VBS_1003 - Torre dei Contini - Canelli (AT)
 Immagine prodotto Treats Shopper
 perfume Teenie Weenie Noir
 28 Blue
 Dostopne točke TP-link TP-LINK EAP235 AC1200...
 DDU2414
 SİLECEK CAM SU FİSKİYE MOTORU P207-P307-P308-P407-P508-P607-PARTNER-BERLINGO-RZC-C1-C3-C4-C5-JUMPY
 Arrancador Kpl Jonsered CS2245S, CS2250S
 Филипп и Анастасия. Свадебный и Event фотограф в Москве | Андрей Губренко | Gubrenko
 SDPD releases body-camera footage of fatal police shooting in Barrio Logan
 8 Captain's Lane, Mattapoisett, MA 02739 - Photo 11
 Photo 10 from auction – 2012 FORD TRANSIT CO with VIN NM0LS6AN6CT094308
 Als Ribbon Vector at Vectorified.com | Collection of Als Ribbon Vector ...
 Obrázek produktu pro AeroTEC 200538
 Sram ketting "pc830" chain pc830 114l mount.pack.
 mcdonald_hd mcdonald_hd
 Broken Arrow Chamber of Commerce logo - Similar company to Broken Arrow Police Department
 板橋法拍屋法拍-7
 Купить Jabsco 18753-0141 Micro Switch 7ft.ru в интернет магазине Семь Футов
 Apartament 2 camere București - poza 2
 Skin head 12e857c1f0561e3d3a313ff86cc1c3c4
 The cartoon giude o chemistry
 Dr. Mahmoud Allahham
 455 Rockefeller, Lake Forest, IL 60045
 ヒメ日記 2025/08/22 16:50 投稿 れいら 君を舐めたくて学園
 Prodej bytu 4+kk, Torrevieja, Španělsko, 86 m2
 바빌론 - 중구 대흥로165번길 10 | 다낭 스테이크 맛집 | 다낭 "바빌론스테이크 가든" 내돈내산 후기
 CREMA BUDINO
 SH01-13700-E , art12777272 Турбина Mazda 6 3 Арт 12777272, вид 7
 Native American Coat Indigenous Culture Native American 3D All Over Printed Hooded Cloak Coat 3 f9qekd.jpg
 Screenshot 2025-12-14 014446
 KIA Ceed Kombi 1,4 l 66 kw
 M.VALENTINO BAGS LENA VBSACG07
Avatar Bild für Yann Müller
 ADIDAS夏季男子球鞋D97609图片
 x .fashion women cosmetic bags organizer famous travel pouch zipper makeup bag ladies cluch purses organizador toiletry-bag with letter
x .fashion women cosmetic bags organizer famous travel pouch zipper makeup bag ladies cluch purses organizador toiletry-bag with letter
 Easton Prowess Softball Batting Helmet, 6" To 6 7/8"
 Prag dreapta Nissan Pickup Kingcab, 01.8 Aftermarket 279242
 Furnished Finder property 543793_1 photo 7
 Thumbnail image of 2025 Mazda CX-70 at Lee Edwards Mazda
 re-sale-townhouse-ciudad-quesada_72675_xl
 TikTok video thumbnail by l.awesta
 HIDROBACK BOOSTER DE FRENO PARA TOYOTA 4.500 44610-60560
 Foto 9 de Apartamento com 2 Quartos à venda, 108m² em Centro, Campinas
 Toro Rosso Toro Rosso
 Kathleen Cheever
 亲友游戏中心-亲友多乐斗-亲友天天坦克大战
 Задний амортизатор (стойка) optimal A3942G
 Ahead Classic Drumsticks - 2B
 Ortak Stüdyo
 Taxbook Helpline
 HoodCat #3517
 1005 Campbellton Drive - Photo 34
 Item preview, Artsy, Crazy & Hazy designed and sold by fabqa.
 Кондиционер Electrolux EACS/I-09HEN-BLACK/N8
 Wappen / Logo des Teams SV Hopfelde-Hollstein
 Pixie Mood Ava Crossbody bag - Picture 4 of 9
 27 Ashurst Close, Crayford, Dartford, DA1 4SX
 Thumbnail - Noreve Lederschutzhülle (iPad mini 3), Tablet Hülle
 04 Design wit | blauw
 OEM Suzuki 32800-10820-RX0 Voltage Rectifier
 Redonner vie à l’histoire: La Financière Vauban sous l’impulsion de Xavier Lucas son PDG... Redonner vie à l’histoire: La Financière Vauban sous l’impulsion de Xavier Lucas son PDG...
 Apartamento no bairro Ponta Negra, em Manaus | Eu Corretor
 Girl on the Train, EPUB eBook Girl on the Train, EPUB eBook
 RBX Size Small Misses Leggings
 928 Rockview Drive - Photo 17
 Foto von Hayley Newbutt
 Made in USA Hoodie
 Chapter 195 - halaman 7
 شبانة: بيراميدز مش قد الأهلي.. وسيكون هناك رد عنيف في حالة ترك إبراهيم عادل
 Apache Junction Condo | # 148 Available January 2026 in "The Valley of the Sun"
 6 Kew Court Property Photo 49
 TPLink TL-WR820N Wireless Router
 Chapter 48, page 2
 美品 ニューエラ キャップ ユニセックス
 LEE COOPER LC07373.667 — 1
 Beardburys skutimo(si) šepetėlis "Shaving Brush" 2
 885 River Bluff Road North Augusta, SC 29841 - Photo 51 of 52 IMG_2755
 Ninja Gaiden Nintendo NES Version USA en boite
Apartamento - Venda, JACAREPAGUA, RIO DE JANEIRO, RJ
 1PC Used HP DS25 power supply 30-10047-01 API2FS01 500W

▶ [Activity]: Print, exactly as they appear above, the lines running from the one with "TPLink TL-WR820N Wireless Router" through the final line.

▶ [Task solution]:
 TPLink TL-WR820N Wireless Router
 Chapter 48, page 2
 美品 ニューエラ キャップ ユニセックス
 LEE COOPER LC07373.667 — 1
 Beardburys skutimo(si) šepetėlis "Shaving Brush" 2
 885 River Bluff Road North Augusta, SC 29841 - Photo 51 of 52 IMG_2755
 Ninja Gaiden Nintendo NES Version USA en boite
Apartamento - Venda, JACAREPAGUA, RIO DE JANEIRO, RJ
 1PC Used HP DS25 power supply 30-10047-01 API2FS01 500W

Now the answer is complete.